During the 1970s, Hall of Fame cornerback Mel Blount of the Pittsburgh Steelers excelled in this coverage to such a point as to cause numerous rule changes (see below) strictly limiting when and where a defender may make contact with a potential receiver in order to make it easier for receivers to run their routes and increase scoring. The rule limiting the pass defender's conduct became known as the Mel Blount Rule.

== Technique and rules limiting it ==
This play works well against routes that require the receiver to be in a certain spot at a certain time. The disadvantage, however, is that the receiver can shed contact and get behind the cornerback for a big play. This varies from the more traditional defensive formation in which a defensive player will give the receiver a "cushion" of about 5 yards to prevent the receiver from getting behind him.

In 1974, the NFL changed its rules so a defensive player could only make contact one time with a receiver within 3 yards of the line of scrimmage, and then could not make contact with the receiver after that. Cincinnati Bengals owner and Hall of Fame coach Paul Brown, who was part of the NFL's rule making committee, had lobbied for the rule, known as the "Isaac Curtis Rule" for the Bengals slender and extremely fast star receiver. During a 1973 playoff game against the Miami Dolphins (who went on to win Super Bowl VIII), the Dolphins defensive strategy included double teaming Curtis and knocking him to the ground as often as possible so that he had no opportunity to make a reception. Dolphins Hall of Fame coach Don Shula was against the rule change.

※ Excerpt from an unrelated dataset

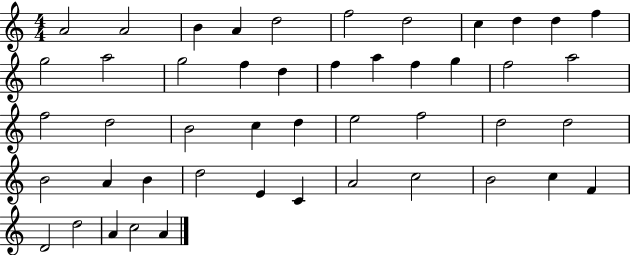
A4/h A4/h B4/q A4/q D5/h F5/h D5/h C5/q D5/q D5/q F5/q G5/h A5/h G5/h F5/q D5/q F5/q A5/q F5/q G5/q F5/h A5/h F5/h D5/h B4/h C5/q D5/q E5/h F5/h D5/h D5/h B4/h A4/q B4/q D5/h E4/q C4/q A4/h C5/h B4/h C5/q F4/q D4/h D5/h A4/q C5/h A4/q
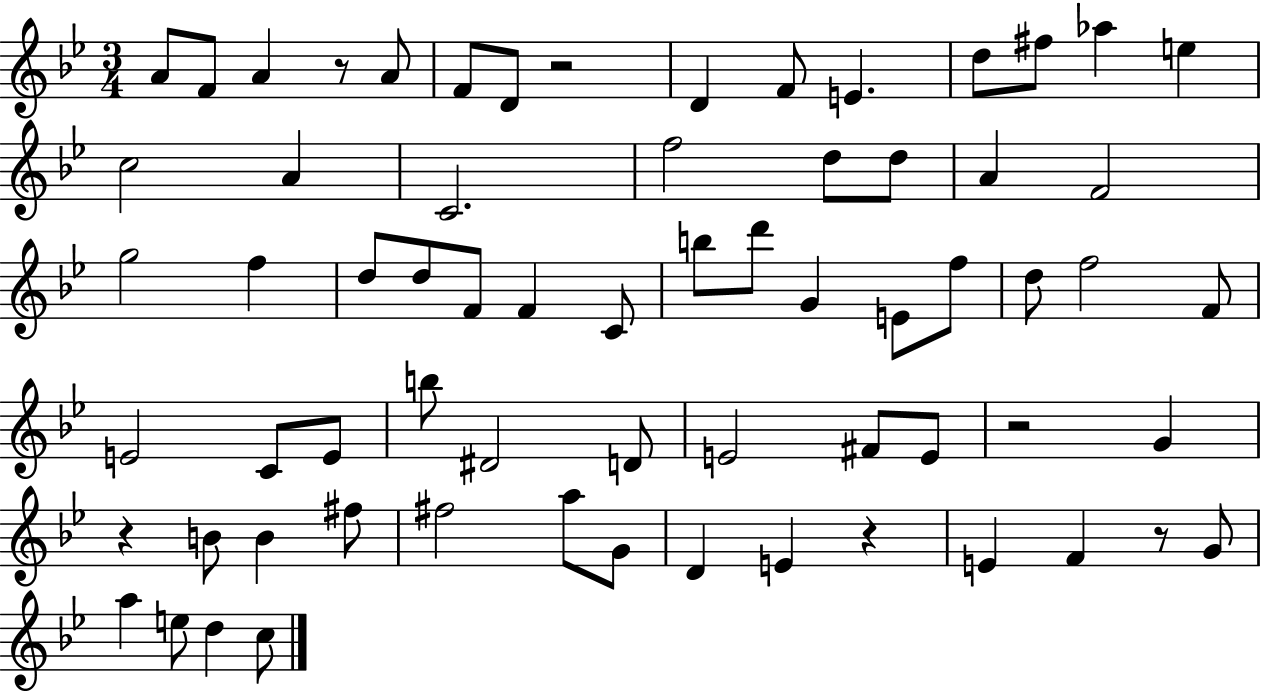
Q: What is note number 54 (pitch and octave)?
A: E4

With subsequent NFL rule changes, a defensive back now is allowed contact within the five-yard bump zone, except for holding the receiver. Beyond that five-yard space, the defender can be called for an illegal contact penalty, costing five yards and an automatic first down. This rule, enforced since 1978 NFL season, is known colloquially as the Mel Blount Rule, after the Pittsburgh Steeler Hall of Fame defensive back. This accompanied another significant 1978 rule change that allowed offensive linemen to extend their arms, lock their elbows and grab the defensive lineman's jersey to some degree. The rule was modified in 1994 so that if a receiver is trying to evade the defender, the defender cannot impede the receiver's movements.

Blount explained that some key events triggering the rule change occurred during a 1977 game between the Steelers and the Cincinnati Bengals. Bengals tight end Bob Trumpy was in the process of catching a softly thrown ball over the middle of the field, and Blount hit Trumpy so hard that the collision (unintentionally) broke Trumpy's jaw. Trumpy later could not even remember the play. On the next play, Blount was jamming Bengals' wide receiver Isaac Curtis so successfully, Curtis could not get past the line of scrimmage. Bengals' owner Paul Brown used his position on the NFL competition committee to require a meeting with Blount about the two plays. Blount told them he would not change his style of play until the rules were changed requiring him to play a different style.

After the rule changes, Blount went to three Pro Bowls and was an All-Pro three times. The Steelers still led the NFL in fewest points allowed in 1978 and 1979. They won Super Bowls in the 1978 and 1979 seasons, and with a more open passing game, Steelers' quarterback Terry Bradshaw was the NFL's Most Valuable Player in 1978, and was the Super Bowl Most Valuable Player in both 1978 and 1979.

Passing statistics increased significantly after the rule change. In 1977, Drew Pearson led the NFL in receiving yards with 870. In 1978, four players had over 1,000 yards receiving. Wide receiver Harold Carmichael went from 665 receiving yards in 1977 to 1,072 yards in 1978; and wide receiver Steve Largent went from 33 receptions in 1977 to an AFC-leading 71 receptions in 1978, and from 643 yards to 1,168 yards.

In contrast, under NCAA rules, contact is allowed anywhere on the field as long as contact is in front of the defender and a pass is not in the air.